+++ Data supplied +++
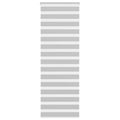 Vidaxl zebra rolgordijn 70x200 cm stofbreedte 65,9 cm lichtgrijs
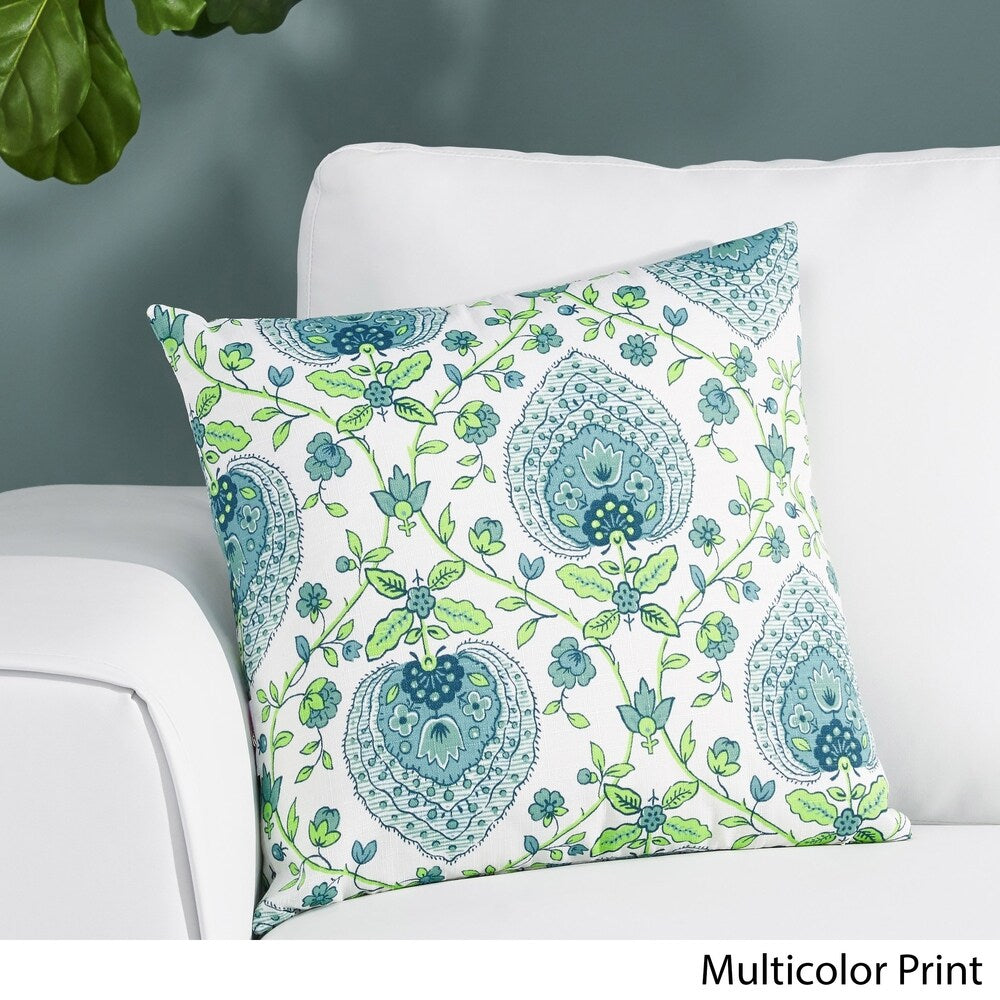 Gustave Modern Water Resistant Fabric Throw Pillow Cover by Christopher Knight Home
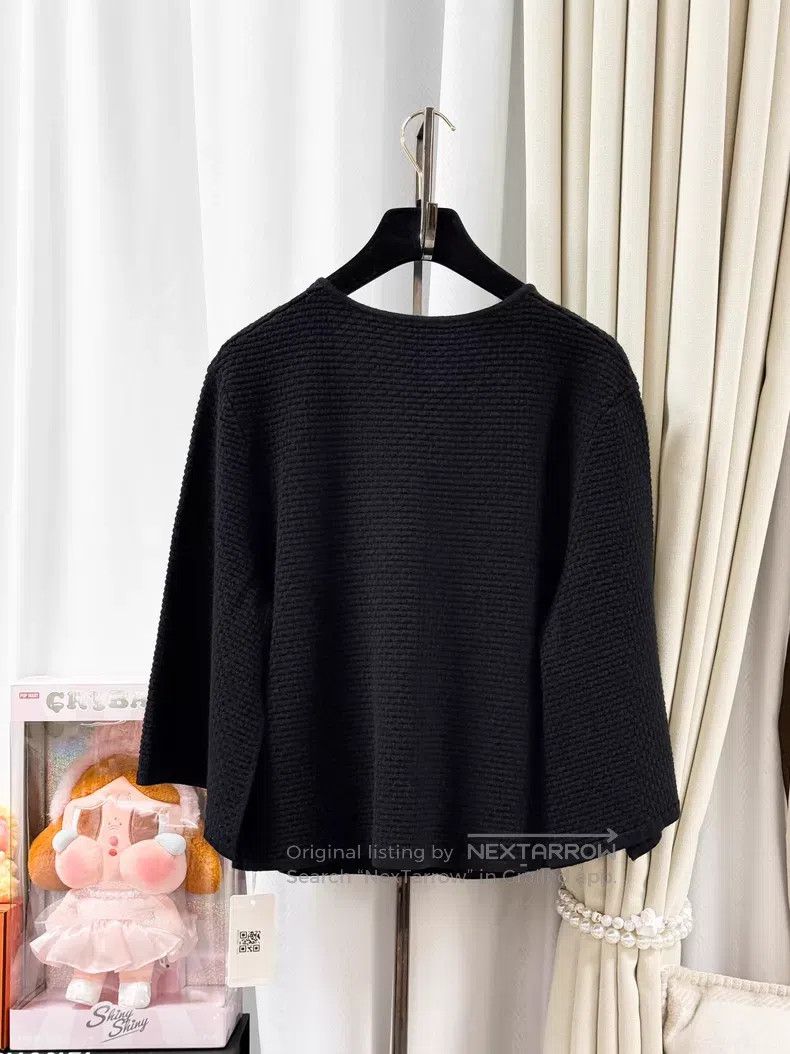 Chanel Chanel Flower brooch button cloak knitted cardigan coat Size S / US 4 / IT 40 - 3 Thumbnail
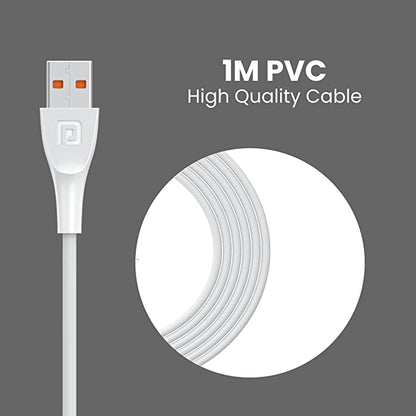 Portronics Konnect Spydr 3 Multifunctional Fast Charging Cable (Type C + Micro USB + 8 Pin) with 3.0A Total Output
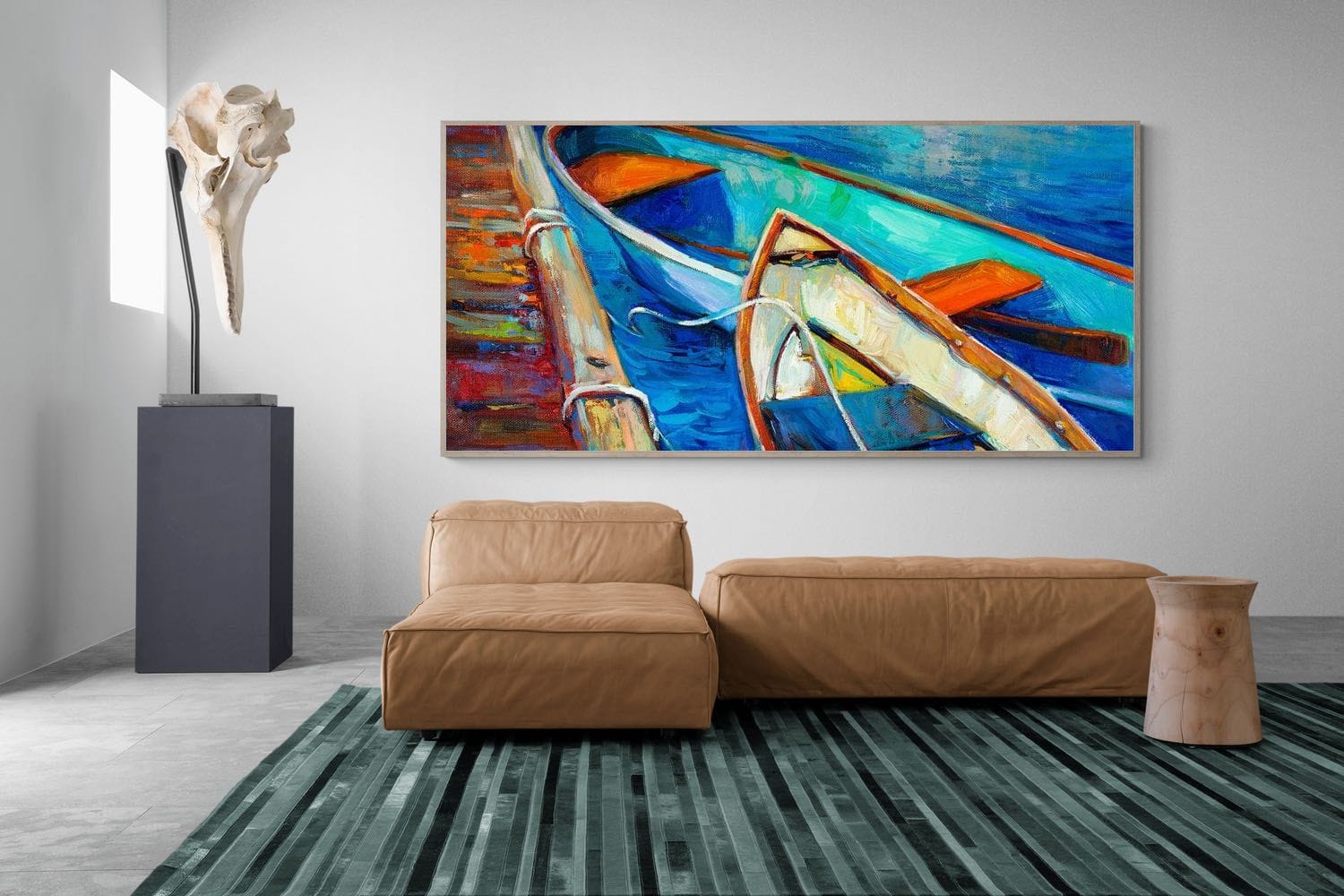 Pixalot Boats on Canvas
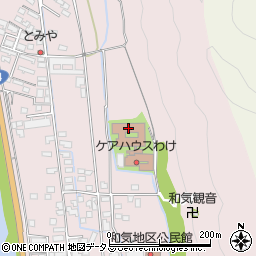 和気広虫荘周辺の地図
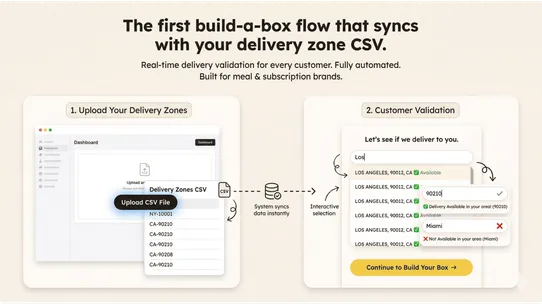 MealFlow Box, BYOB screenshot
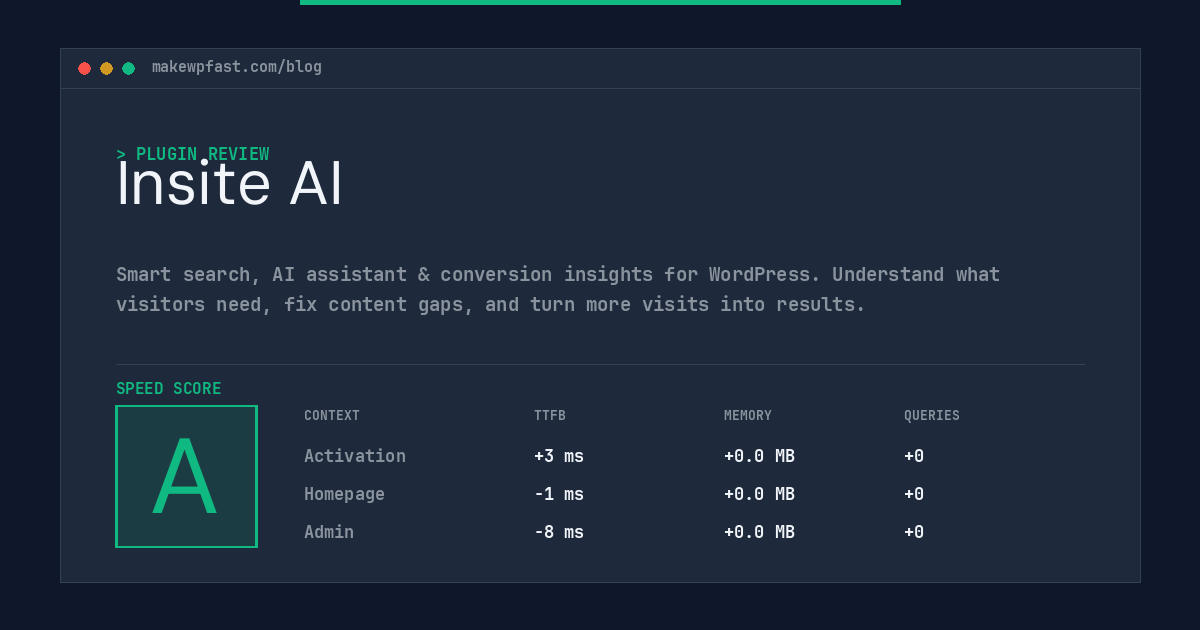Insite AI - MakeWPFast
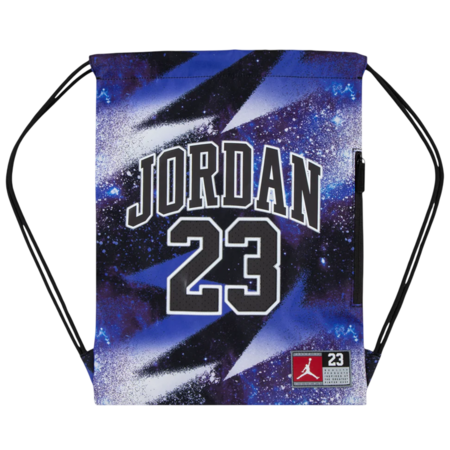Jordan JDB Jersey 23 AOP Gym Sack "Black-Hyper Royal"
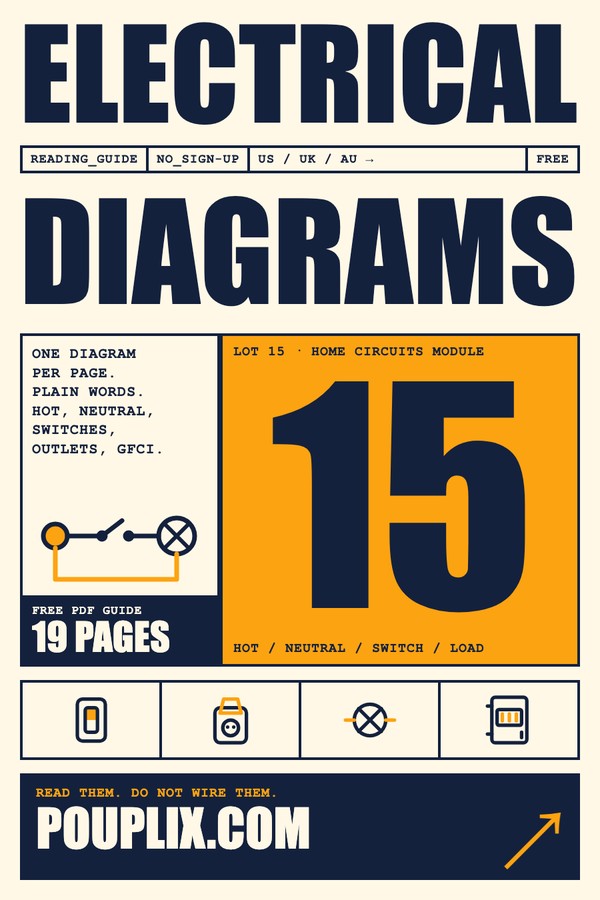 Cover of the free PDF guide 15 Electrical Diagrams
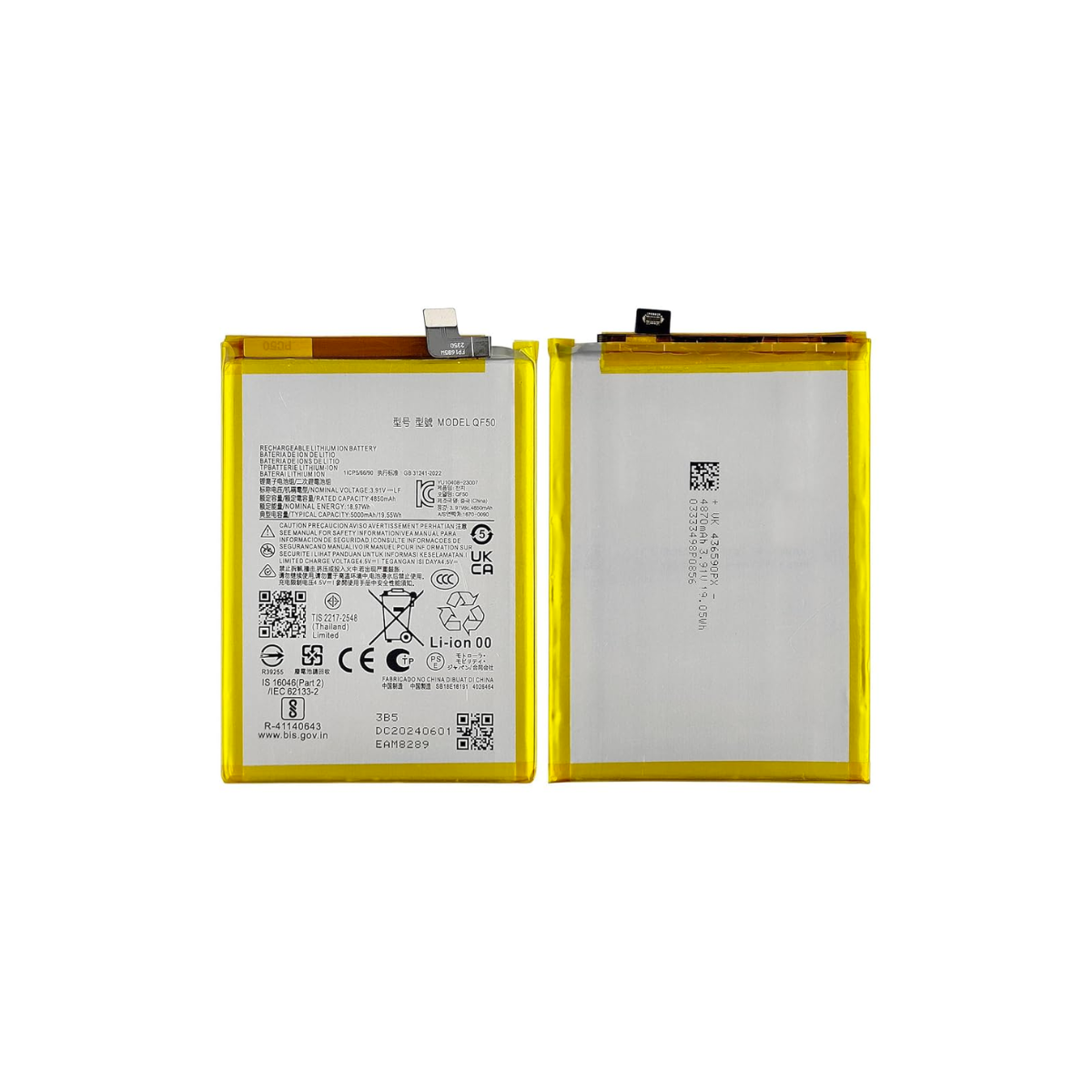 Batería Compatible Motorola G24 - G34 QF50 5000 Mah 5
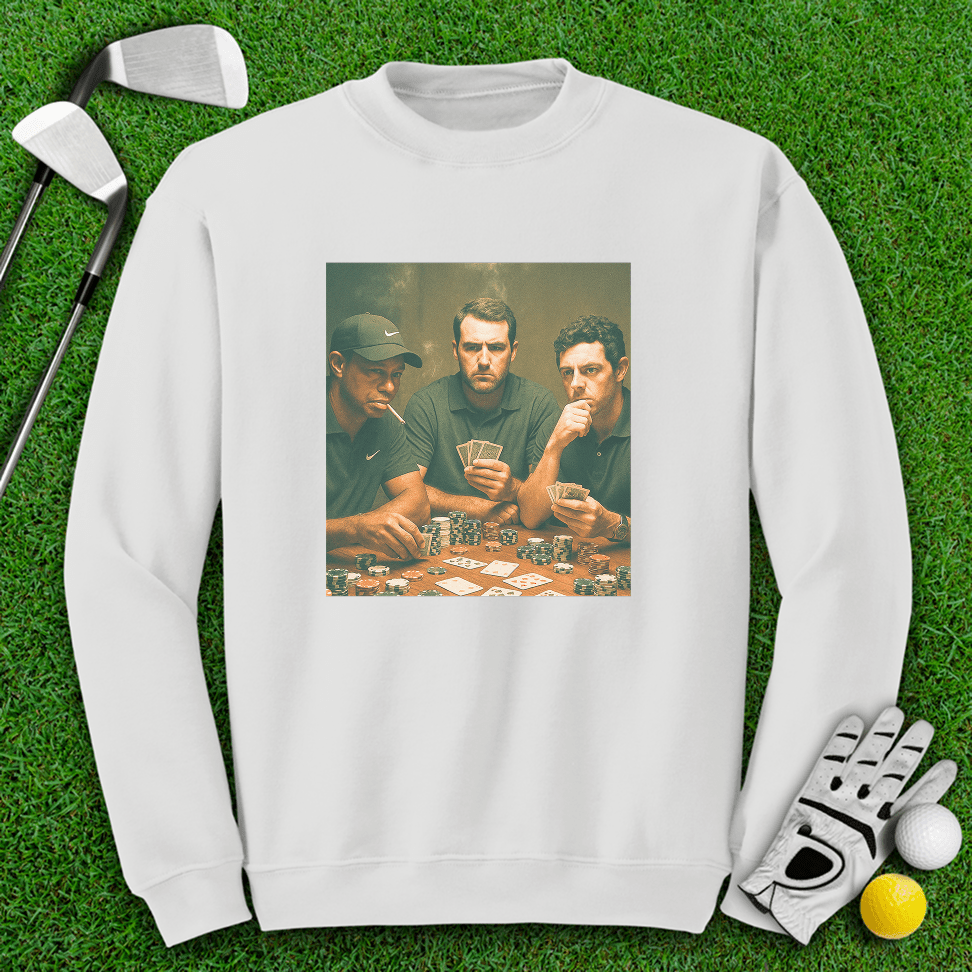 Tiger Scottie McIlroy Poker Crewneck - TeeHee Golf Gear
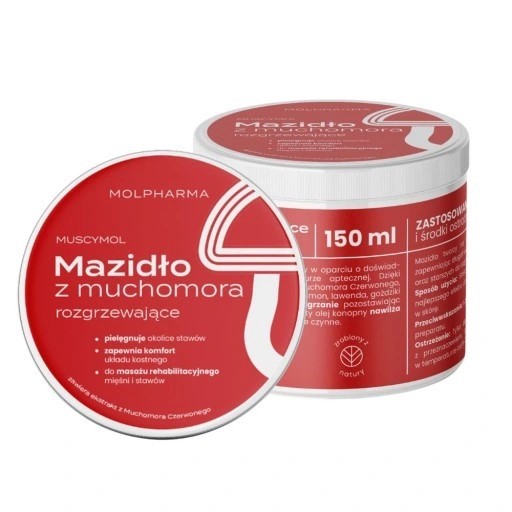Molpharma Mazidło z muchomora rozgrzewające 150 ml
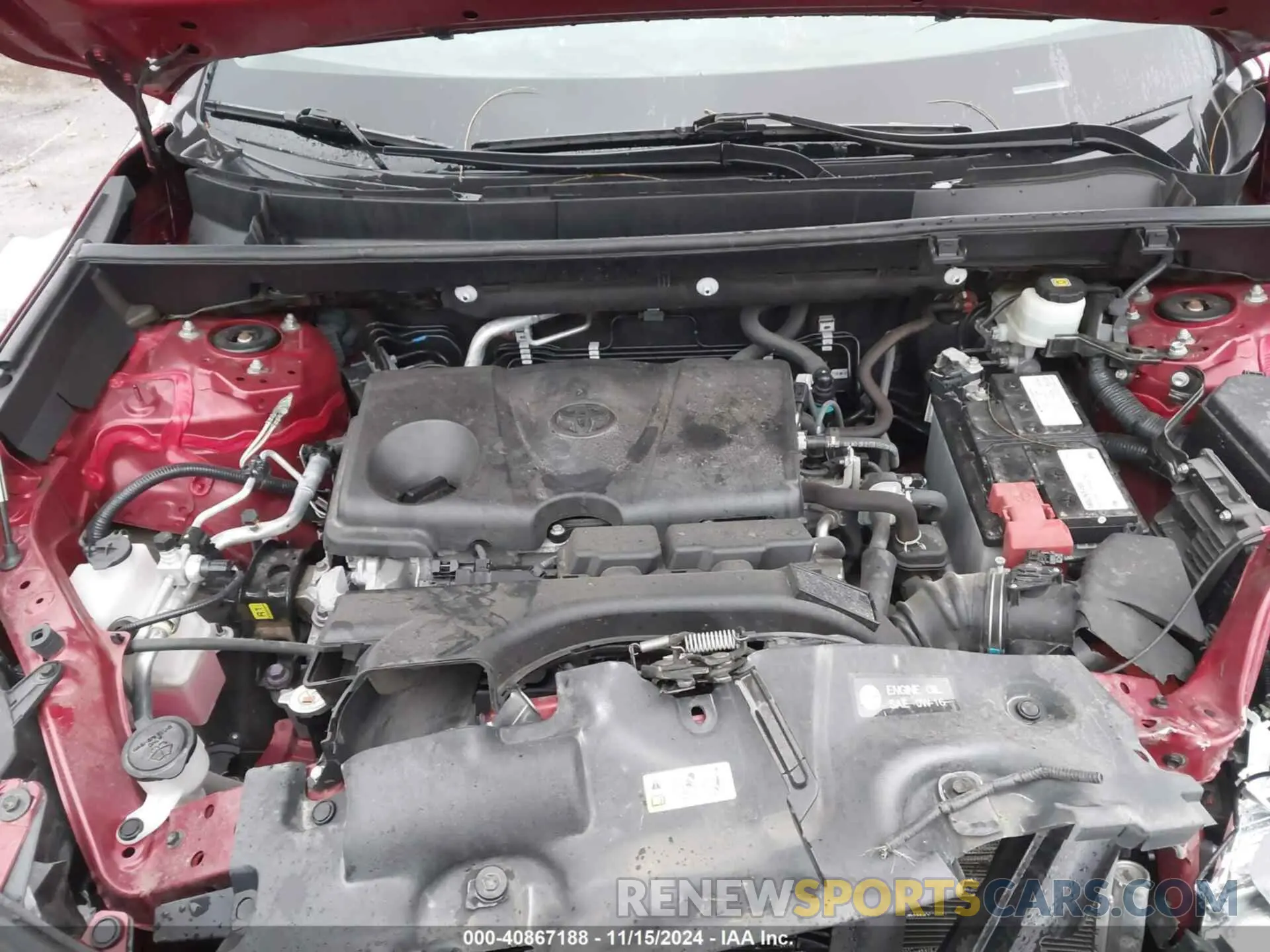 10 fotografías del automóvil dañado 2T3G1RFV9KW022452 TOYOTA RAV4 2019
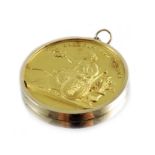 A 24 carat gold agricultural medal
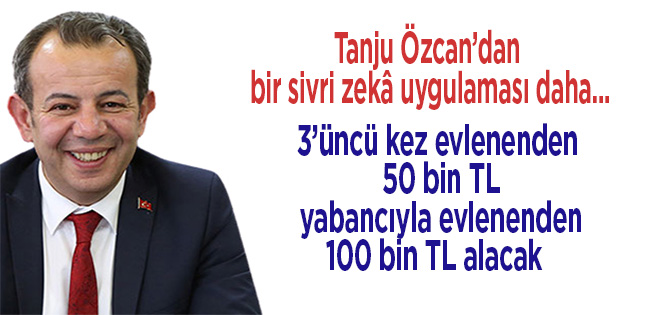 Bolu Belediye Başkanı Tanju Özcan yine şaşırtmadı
+++
# What is needed
Copy the records exactly. Skip any pictures.

# Result of the task
 Vidaxl zebra rolgordijn 70x200 cm stofbreedte 65,9 cm lichtgrijs
 Gustave Modern Water Resistant Fabric Throw Pillow Cover by Christopher Knight Home
 Chanel Chanel Flower brooch button cloak knitted cardigan coat Size S / US 4 / IT 40 - 3 Thumbnail
 Portronics Konnect Spydr 3 Multifunctional Fast Charging Cable (Type C + Micro USB + 8 Pin) with 3.0A Total Output
 Pixalot Boats on Canvas
 和気広虫荘周辺の地図
 MealFlow Box, BYOB screenshot
Insite AI - MakeWPFast
Jordan JDB Jersey 23 AOP Gym Sack "Black-Hyper Royal"
 Cover of the free PDF guide 15 Electrical Diagrams
 Batería Compatible Motorola G24 - G34 QF50 5000 Mah 5
 Tiger Scottie McIlroy Poker Crewneck - TeeHee Golf Gear
Molpharma Mazidło z muchomora rozgrzewające 150 ml
 10 fotografías del automóvil dañado 2T3G1RFV9KW022452 TOYOTA RAV4 2019
 A 24 carat gold agricultural medal
 Bolu Belediye Başkanı Tanju Özcan yine şaşırtmadı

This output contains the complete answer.